- **Work to complete**:
Exactly as written, return all the data, leaving its pictures behind.

- **Dataset excerpts**:
────────────────────
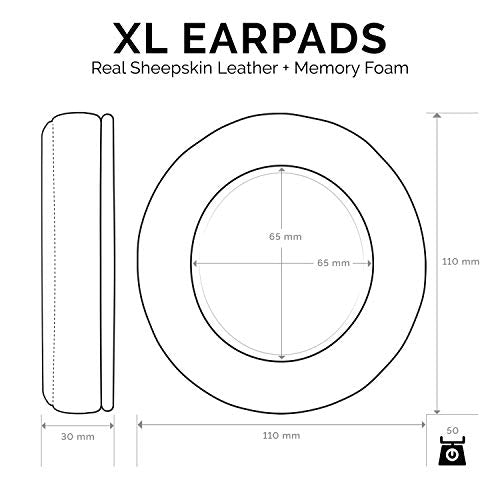 Brainwavz XL Large Sheepskin Leather Replacement Memory Foam Earpads - Suitable for Many Other Large Over The Ear Headphones - Sennheiser, AKG, HifiMan, ATH, Philips, Fostex, Sony (Sheepskin Leather) - color: Genuine Leather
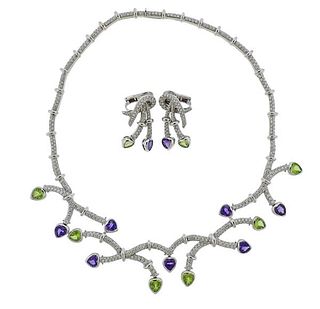 18K Gold Amethyst Peridot Diamond Necklace Earrings Set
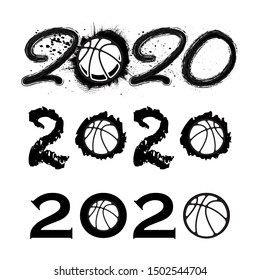 Three black grunge 2020 numbers with basketball symbols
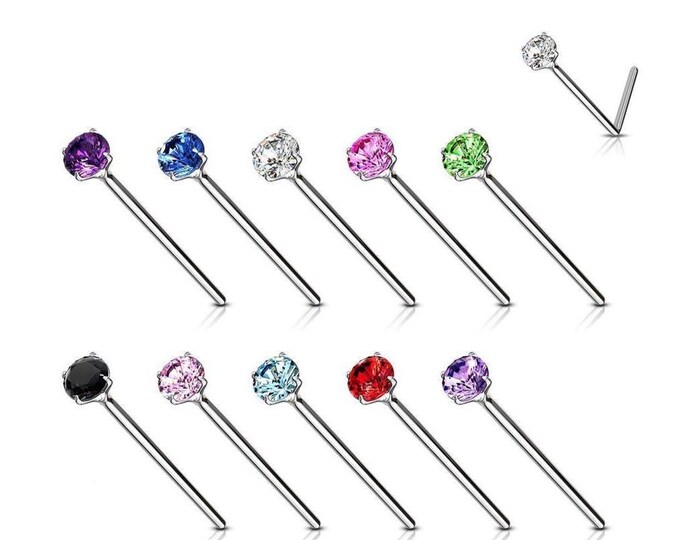 2.50MM Nose Stud 20 GA Sterling Silver .925 L Shape select the gemstones.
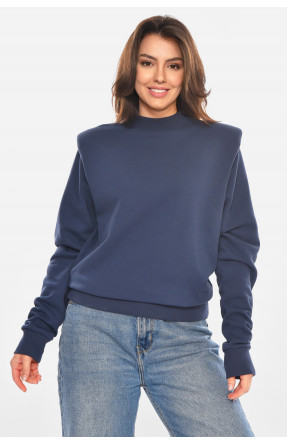 Свитшот женский на флисе темно-синего цвета 212894C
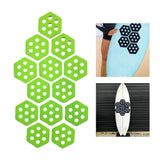 Maxbell 12Pcs Hexagon Surfboard Traction Pads for Grip Surf Surf Boards Skimboarding green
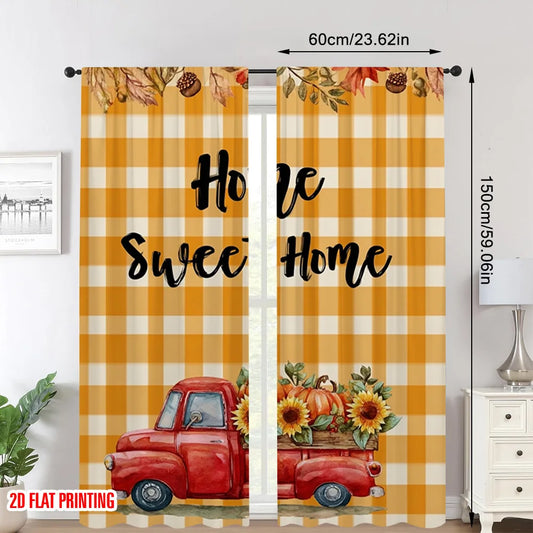 Rideaux imprimés 2D automne plaid/voiture, 2 pièces polyester, déco murale maison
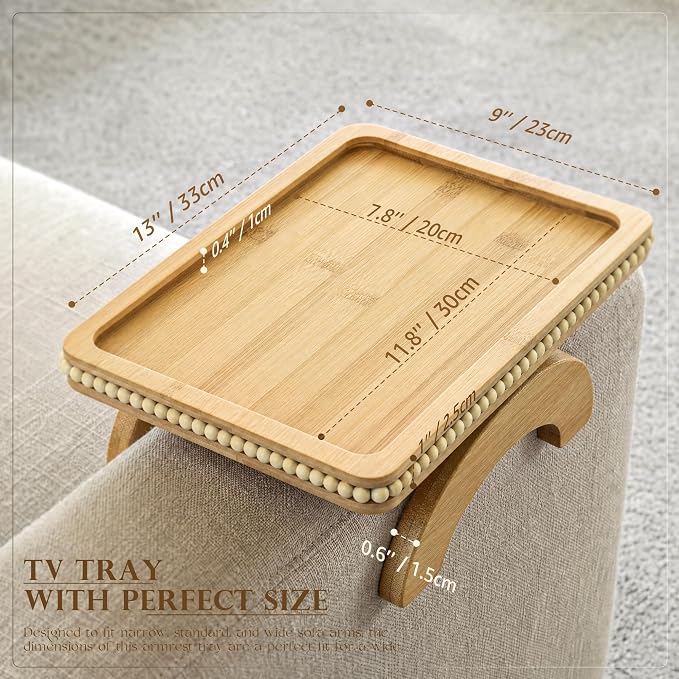 Bamboo Wood Sofa Arm Tray with Beaded Edge - Image 2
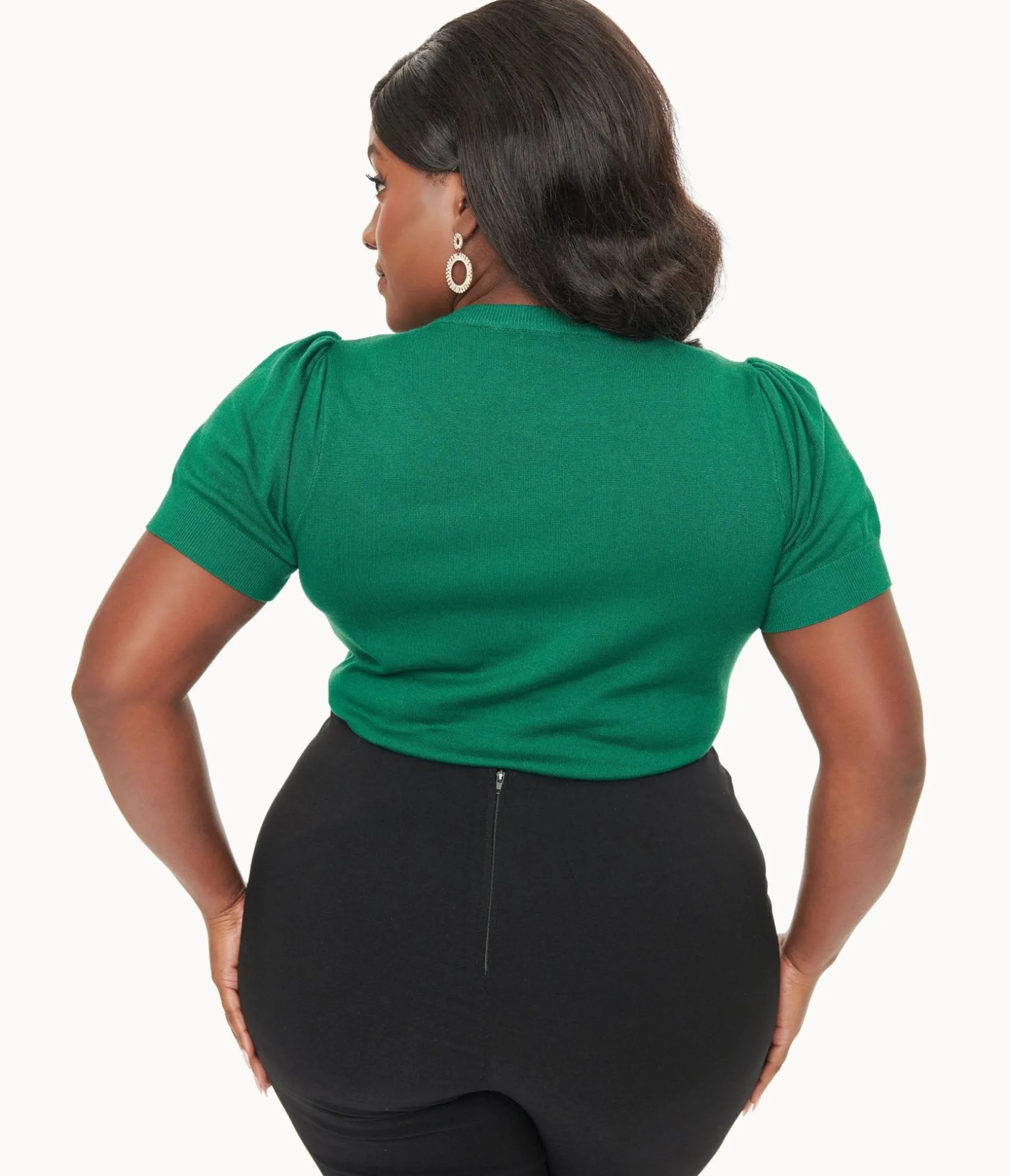 Unique Vintage Plus Size 1950s Green Christmas Embroidered Sweater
────────────────────
- **Final answer**:
 Brainwavz XL Large Sheepskin Leather Replacement Memory Foam Earpads - Suitable for Many Other Large Over The Ear Headphones - Sennheiser, AKG, HifiMan, ATH, Philips, Fostex, Sony (Sheepskin Leather) - color: Genuine Leather
 18K Gold Amethyst Peridot Diamond Necklace Earrings Set
 Three black grunge 2020 numbers with basketball symbols
 2.50MM Nose Stud 20 GA Sterling Silver .925 L Shape select the gemstones.
 Свитшот женский на флисе темно-синего цвета 212894C
 Maxbell 12Pcs Hexagon Surfboard Traction Pads for Grip Surf Surf Boards Skimboarding green
 Rideaux imprimés 2D automne plaid/voiture, 2 pièces polyester, déco murale maison
 Bamboo Wood Sofa Arm Tray with Beaded Edge - Image 2
 Unique Vintage Plus Size 1950s Green Christmas Embroidered Sweater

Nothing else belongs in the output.